After BMW’s failed project, everyone thought that burning hydrogen in an internal combustion engine was a mistake, that there was no chance of a manufacturable and profitable implementation.

Therefore, research has unanimously turned towards the hydrogen cell.

A fuel cell (also known as a fuel cell) is a chemical power source in which the power-generating process is the oxidation of some fuel (e.g. natural gas, diesel, coal, hydrogen, alcohol). It is therefore a misconception that we can only use hydrogen in the fuel cell. Hydrogen stands out from the other options in that water is produced at the end of the process, so it has no negative impact on the environment.

Methanol fuel cell (source: www.wikipedia.org)

 Fuel cells differ from galvanic cells because during their operation, the materials involved in the current-generating reaction are continuously fed in and the resulting products are discharged, so in contrast to galvanic cells, they do not “worn out”.

What is also attractive about the fuel cell is that its efficiency is very high – significantly higher than that of internal combustion engines.

One of the two main problems is that the overall efficiency of hydrogen production is not nearly as great (similar to battery electric cars).

Toyota Mirai (source: www.toyota.hu)

The other problem is that the fuel cell requires many materials which are very rare and moreover, their production involves huge costs. One of the most illustrious examples of these is platinum, for which experiments have been going on for years.

Although the development of the hydrogen network still leaves much to be desired, today it is possible to buy a passenger car with a hydrogen cell (see: Toyota Mirai). Their future distribution is still in question.

Back to the internal combustion engine

However, the transition to alternatives solutions encountered unexpected obstacles, especially in freight transport. Increasingly, it seems that we are nowhere near the battery energy density which would be ideal for a heavy truck.

That’s why many companies have got out internal combustion engines to make them suitable for burning hydrogen.
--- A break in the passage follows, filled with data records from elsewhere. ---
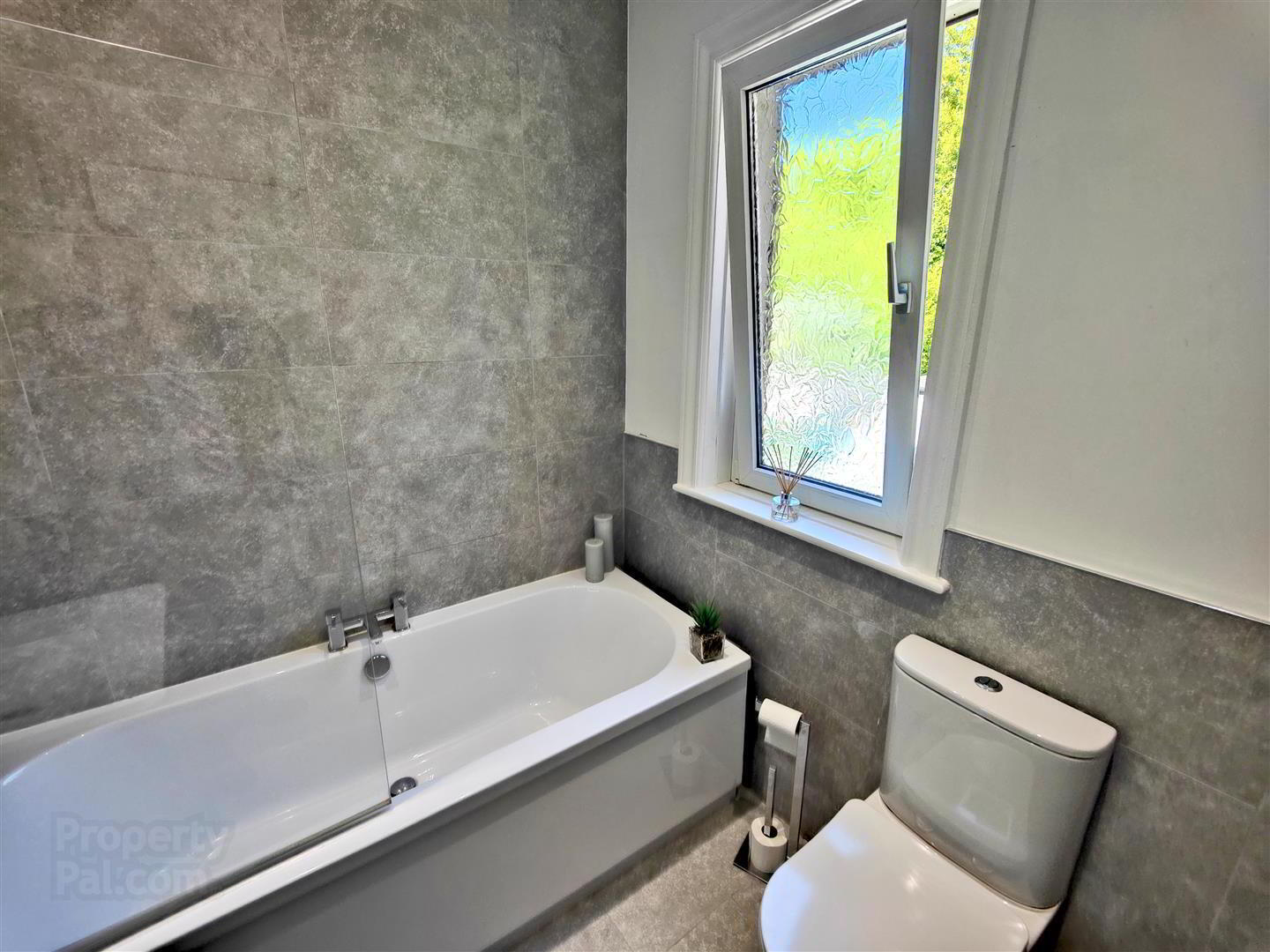 988 Crumlin Road 19 of 32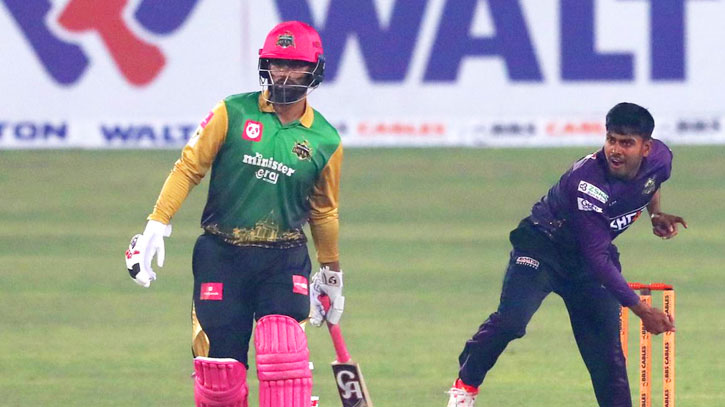 জমে উঠেছে পয়েন্ট টেবিলের লড়াই : সমীকরণের মারপ্যাঁচে ঢাকা, খুলনা ও চট্টগ্রাম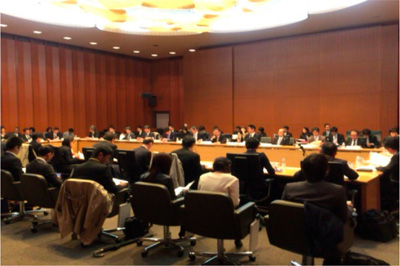 第2回SDGs推進円卓会議の様子(11月11日、東京・外務省)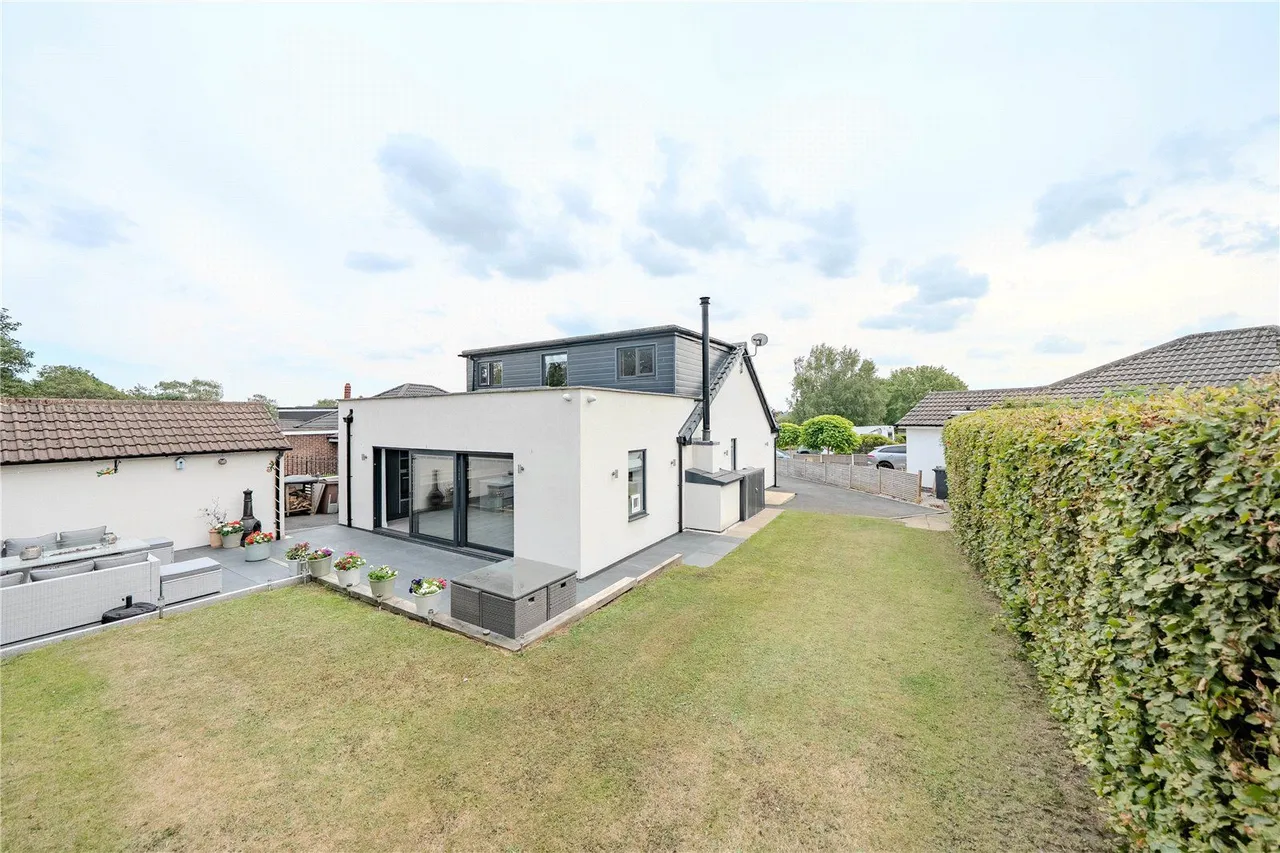 North Mead, Bramhope, LS16, photo 9
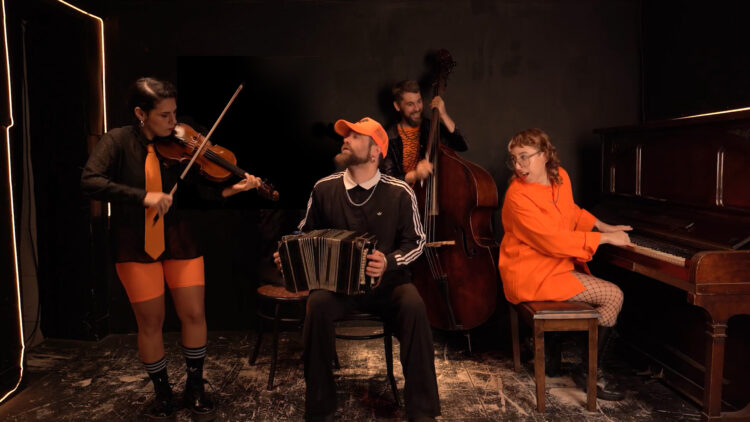 El cuarteto está formado por Noelia Sinkunas (piano y voz), Nacho Santos (bandoneón), Carolina Rodríguez (violín) y Julia Subatín (contrabajo).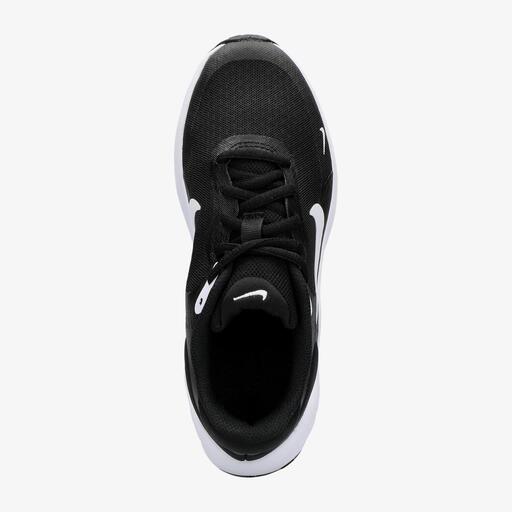 Nike Revolution 7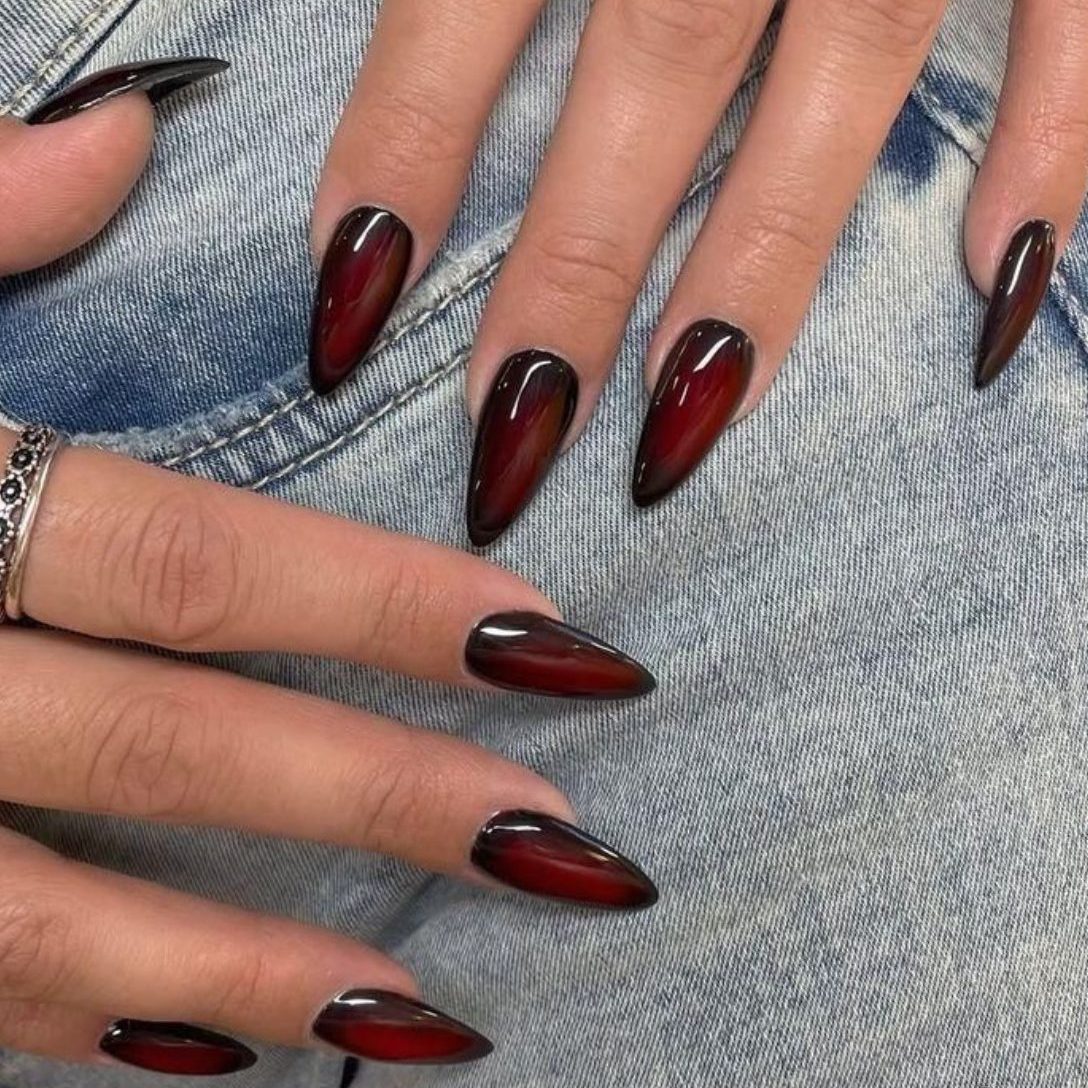 Powder Manicure: Is It Outdated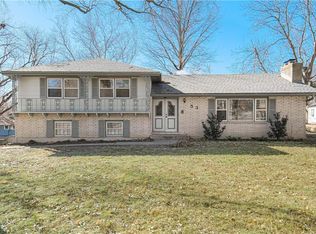 53 Fulkerson Cir, Liberty, MO 64068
Developers of heavy vehicles are trying to transform the cylinder head of the diesel engine this time, while Toyota came up with a hydrogen-powered Corolla, what was entered in a 24-hour race too.

It is not yet clear whether this solution will fit into the zero emission conditions of 2035, since all the carbon dioxide with the lubricant will still leave  with the exhaust.

In any case, it will be interesting to see which technologies continue to write the history book of vehicles.